Ma pomme, 1985 – © Marc Gantier
Vendredi soir, confinement oblige, j’ai organisé une soirée de confiné. C’était le week-end, il fallait en profiter. Petite infusion, gros morceau de chocolat et film français. En pyjama dans mon lit. The party.
J’ai choisi Été 85 de François Ozon. Je l’avais boudé à sa sortie. Les histoires d’amour de vacances entre garçons pendant les années 80, j’avoue, j’en avais un peu soupé ; mais ce soir-là, j’avais envie de légereté et pour ces mêmes raisons qui me l’avaient fait rejeter, j’ai choisi de me promener en Suzuki sur les bords de mer. Et puis, j’aime bien les films de François Ozon.
« À cet instant précis, il n’y avait rien au monde que j’aurais pu lui refuser. Je voulais passer tout mon temps avec lui. Et pourtant, quand j’étais avec lui, cela ne me suffisait pas non plus.

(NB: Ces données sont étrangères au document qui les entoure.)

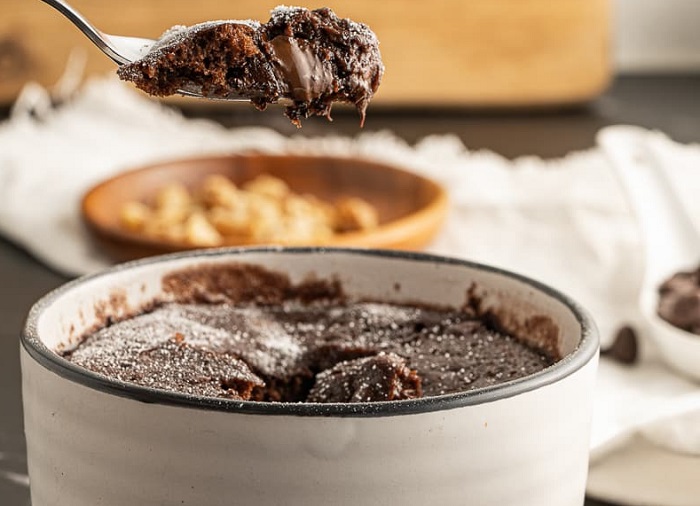 Mug cake de brownie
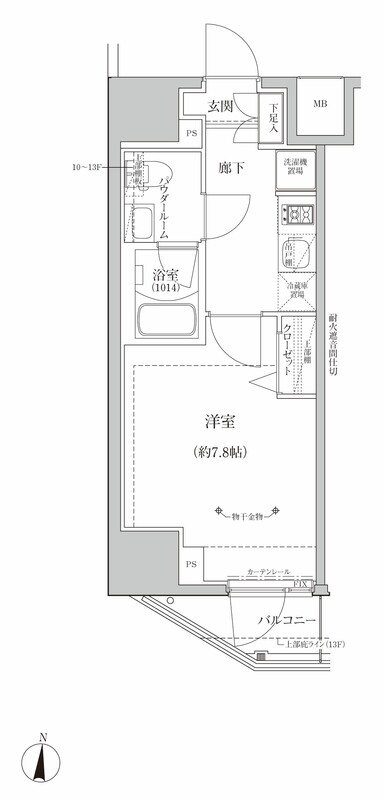 RELUXIA亀有 間取り図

Avant que le film ne bascule dans son côté sombre, Alexis et David sont au sommet de leur histoire. Alors qu’ils dansent en boite de nuit, heureux et amoureux, je me suis sentie fléchir. Quelque chose n’allait pas. Le film venait de mettre en lumière une cavité au fond du coeur. Un coup de pioche mal placé et vlan ! Le vide, le néant, le manque, le rien se manifestait. Vous me reconnaissez ? J’étais à deux doigts de pleurer.

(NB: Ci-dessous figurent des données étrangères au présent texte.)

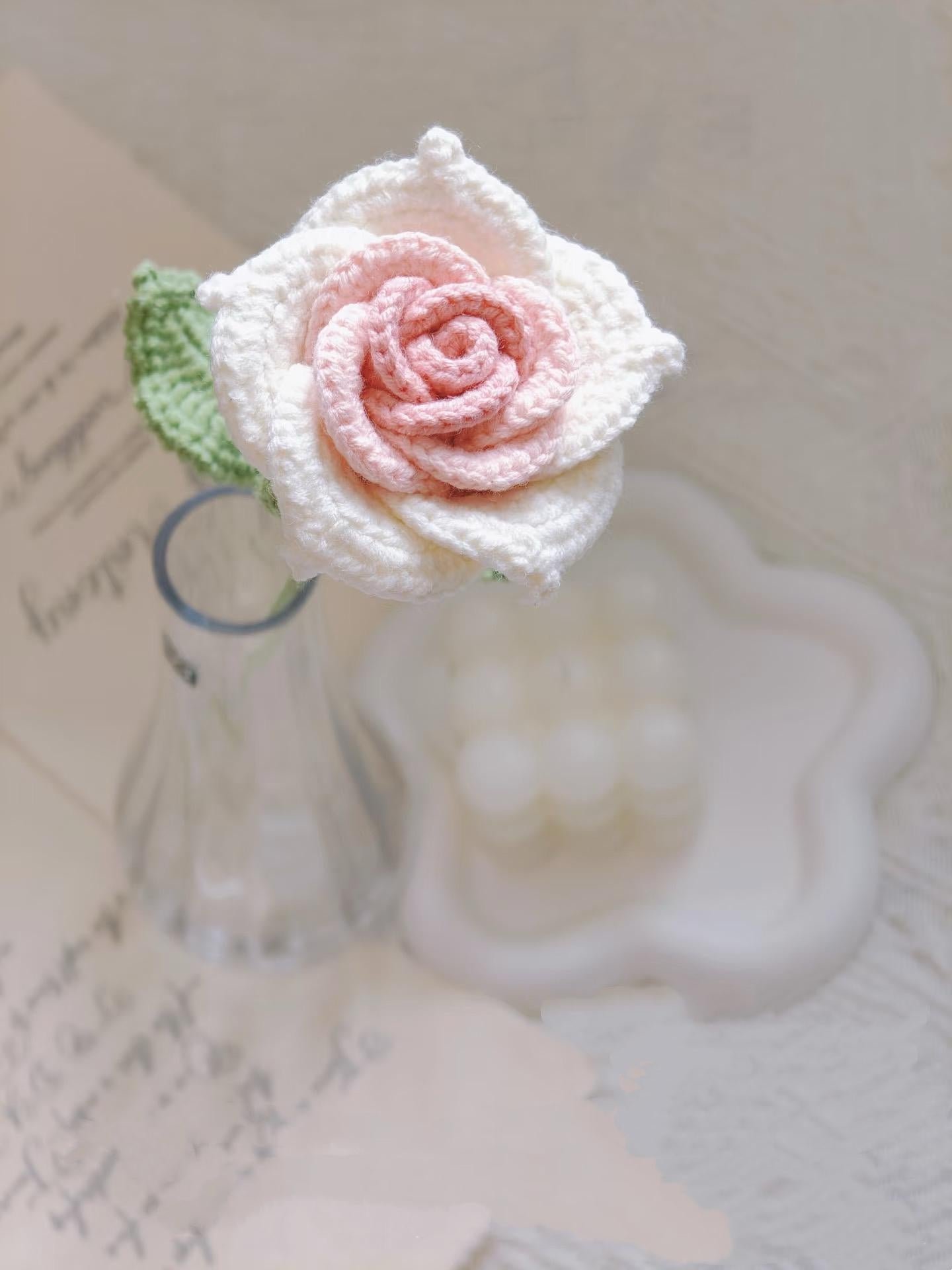PDF Rose Flower No.3 Crochet Pattern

Je ne regrette pas mes 13 ans – mon âge en 85, ni mes 16 – l’âge d’Alexis, ni mes 18 – l’âge de David. Pour être tout à fait honnête, j’étais une adolescente triste, mal dans sa peau et désarmée, incapable de se défendre. En manque d’amour, je l’ai cherché là où il ne se trouvait pas. À l’époque, mes pensées les plus communes étaient souffrance, manipulation et suicide. Chaque réveil était un combat. Je ne vivais pas : je survivais. Non, décidément, je ne regrette pas mon adolescence. À chacun des âges notés plus haut, un souvenir qu’on aimerait effacer. Alors quoi ? Où est le manque ?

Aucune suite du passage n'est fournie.